Irish tourism industry organisatons have responded negatively to the 2020 Budget which includes provision for a €40m investment in the industry in the event of a 'no deal' Brexit
The funds would be shared by Tourism Ireland and Fáilte Ireland and would be used to develop new tourism markets and assist weaker regions in Ireland.
The Irish Hotels Federation criticized Government’s decision not to reverse the tourism VAT increase, which came into effect following last year’s budget. Michael Lennon, President of the IHF said the increase in VAT from 9% to 13.5% has seriously undermined Irish tourism’s international competitiveness and the ability of tourism enterprises such as hotels to re-invest in their business and local economy.
Mr Lennon said: “Budget 2020 is heralded as a Budget for Brexit.
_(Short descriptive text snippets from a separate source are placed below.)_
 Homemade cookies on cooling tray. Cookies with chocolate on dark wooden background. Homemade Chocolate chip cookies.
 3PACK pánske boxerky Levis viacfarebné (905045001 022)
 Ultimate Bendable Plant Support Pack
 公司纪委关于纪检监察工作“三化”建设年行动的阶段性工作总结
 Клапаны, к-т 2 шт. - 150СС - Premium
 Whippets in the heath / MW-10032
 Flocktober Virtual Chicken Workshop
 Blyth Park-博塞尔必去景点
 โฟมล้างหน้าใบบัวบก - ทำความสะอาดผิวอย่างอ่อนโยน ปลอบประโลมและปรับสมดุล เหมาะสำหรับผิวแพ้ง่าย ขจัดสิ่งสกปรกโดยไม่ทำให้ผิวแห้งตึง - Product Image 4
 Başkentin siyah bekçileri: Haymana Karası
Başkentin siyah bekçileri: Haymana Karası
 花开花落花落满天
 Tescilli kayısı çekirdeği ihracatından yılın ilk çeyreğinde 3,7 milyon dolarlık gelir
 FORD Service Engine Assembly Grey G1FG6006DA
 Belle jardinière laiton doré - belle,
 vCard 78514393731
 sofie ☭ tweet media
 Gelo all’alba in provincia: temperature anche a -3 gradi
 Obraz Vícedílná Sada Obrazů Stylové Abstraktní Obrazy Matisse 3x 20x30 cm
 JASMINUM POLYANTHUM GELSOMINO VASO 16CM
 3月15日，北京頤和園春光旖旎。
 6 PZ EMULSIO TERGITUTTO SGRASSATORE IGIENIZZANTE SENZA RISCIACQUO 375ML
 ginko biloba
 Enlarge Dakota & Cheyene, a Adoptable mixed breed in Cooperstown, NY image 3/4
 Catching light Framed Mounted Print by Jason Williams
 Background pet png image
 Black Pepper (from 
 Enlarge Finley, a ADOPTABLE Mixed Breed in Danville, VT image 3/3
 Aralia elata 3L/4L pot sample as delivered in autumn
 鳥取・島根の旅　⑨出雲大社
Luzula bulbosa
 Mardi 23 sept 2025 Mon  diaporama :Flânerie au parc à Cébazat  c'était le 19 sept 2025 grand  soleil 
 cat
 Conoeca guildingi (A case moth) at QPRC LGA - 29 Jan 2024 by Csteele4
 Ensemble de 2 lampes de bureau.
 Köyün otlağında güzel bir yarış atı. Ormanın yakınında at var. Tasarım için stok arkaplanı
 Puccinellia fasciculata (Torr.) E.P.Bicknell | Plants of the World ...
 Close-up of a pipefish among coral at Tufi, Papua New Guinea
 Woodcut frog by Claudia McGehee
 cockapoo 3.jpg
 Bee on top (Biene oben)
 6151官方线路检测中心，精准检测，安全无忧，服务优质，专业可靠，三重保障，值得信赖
Despite the serious challenges facing tourism, Government has failed to recognise the importance of competitiveness and its role in the ever-increasing cost of doing business in Ireland. This is a missed opportunity to rebalance the tax take from tourism at a time when economic indicators provide significant warning of a change in outlook.”
During his budget speech, Finance Minister Paschal Donohoe said that the restoration of the 13.5% VAT rate meant that he would be able to avoid hiking other taxes. He expects €466m to be raised as a result of this measure.
Evelyn Jones, Government Affairs Director of the National Off-Licence Association (NOffLA), said: “Increases in excise duty were emergency measures, implemented in times of economic need. Ireland’s economy is now the fastest growing in Europe, and so like USC and other emergency measures, these must be rolled back.”
Adrian Cummins, Chief Executive of the Restaurants Associaiton of Ireland, called it 'A thoughtless budget'.
“This was an election budget paid for by the restaurant and tourism industry,” he continued.